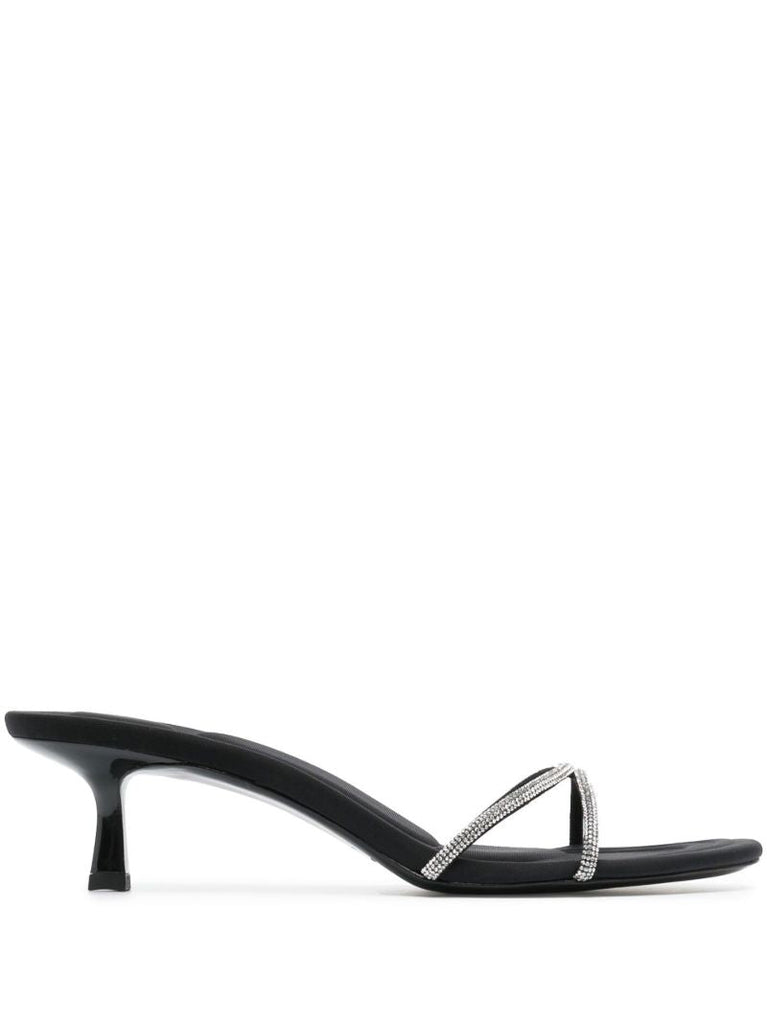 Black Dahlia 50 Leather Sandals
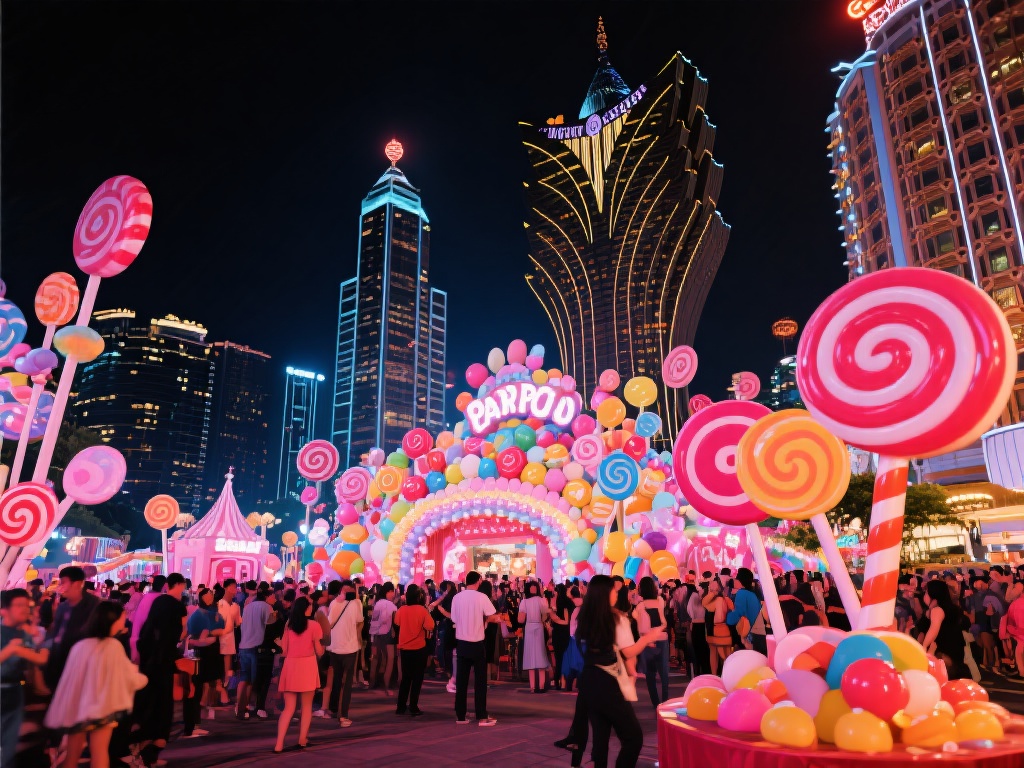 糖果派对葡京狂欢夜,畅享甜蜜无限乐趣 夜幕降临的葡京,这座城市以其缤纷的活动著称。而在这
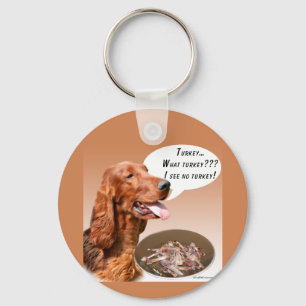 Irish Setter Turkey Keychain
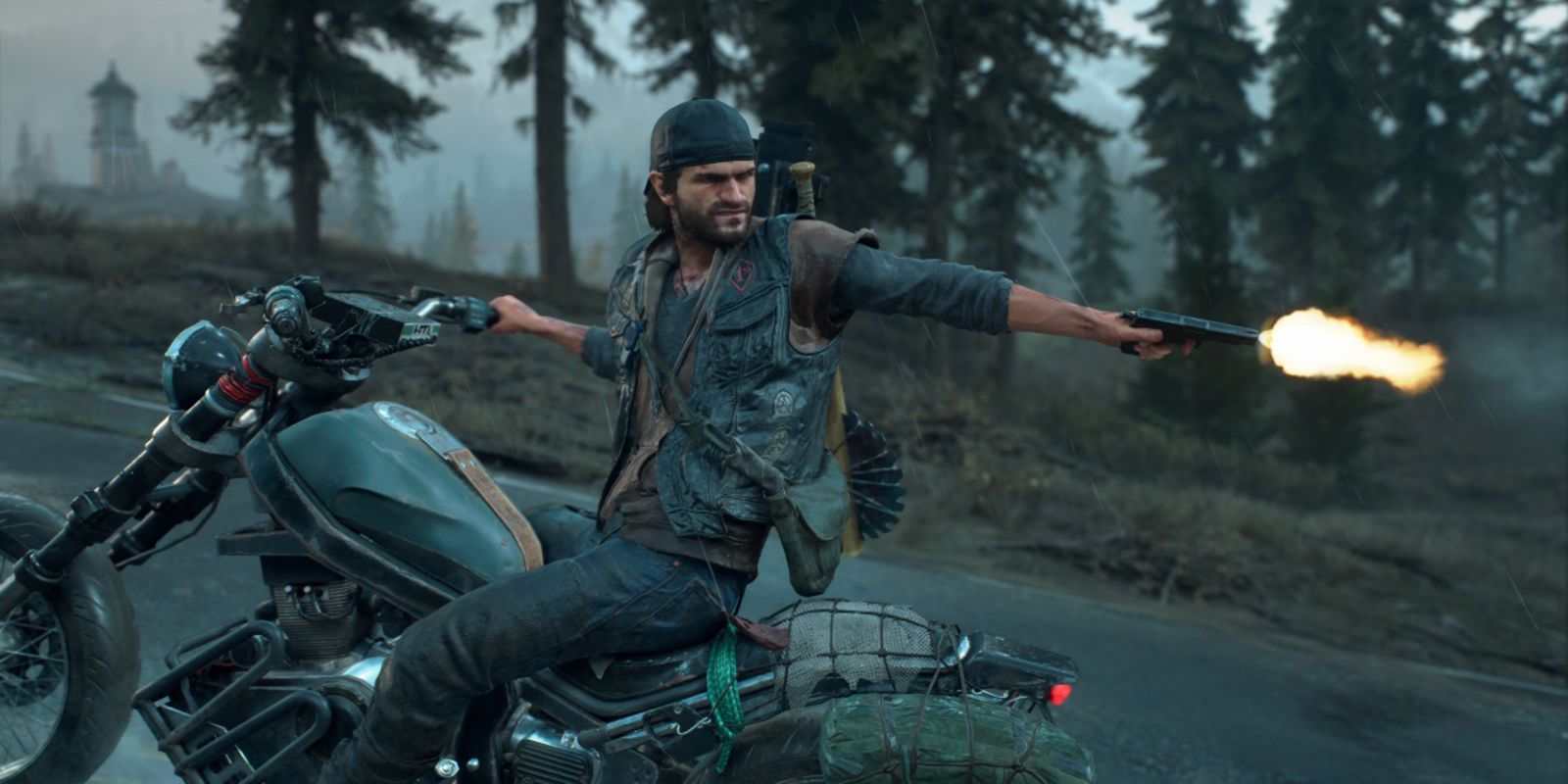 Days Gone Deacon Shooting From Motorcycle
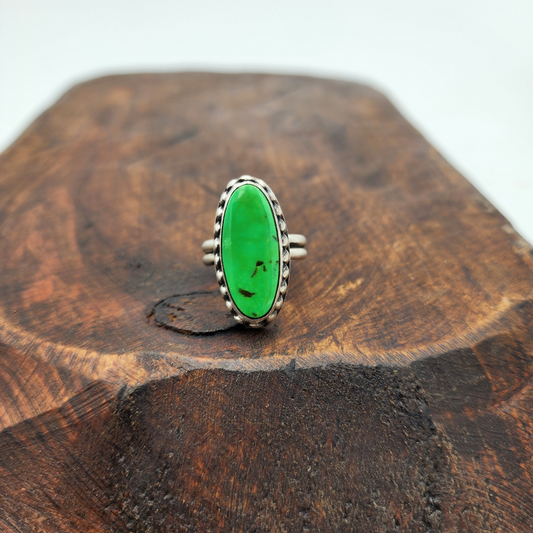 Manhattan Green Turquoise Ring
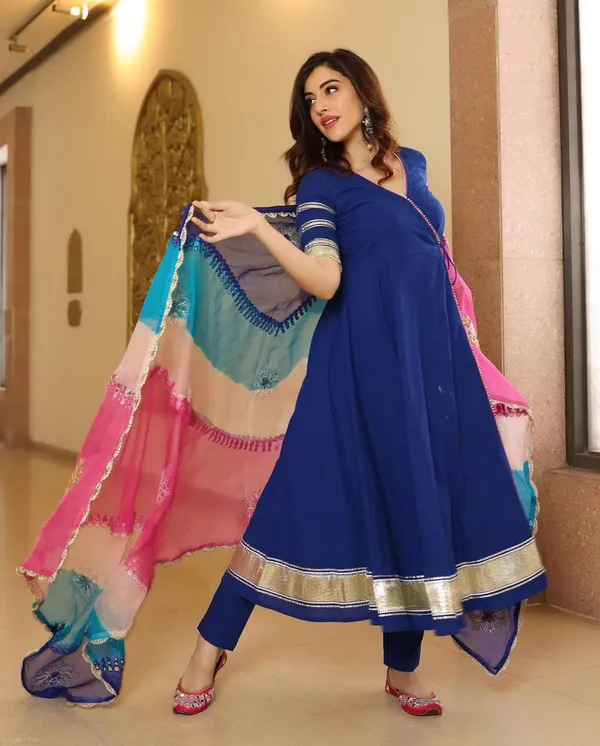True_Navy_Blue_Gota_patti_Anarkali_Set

• [Requirement]
Reproduce exactly, with nothing added, the lines from the line with "糖果派对葡京狂欢夜,畅享甜蜜" through the end of the entries above; pictures are to be left out.

• [Answer section]
 糖果派对葡京狂欢夜,畅享甜蜜无限乐趣 夜幕降临的葡京,这座城市以其缤纷的活动著称。而在这
 Irish Setter Turkey Keychain
 Days Gone Deacon Shooting From Motorcycle
 Manhattan Green Turquoise Ring
True_Navy_Blue_Gota_patti_Anarkali_Set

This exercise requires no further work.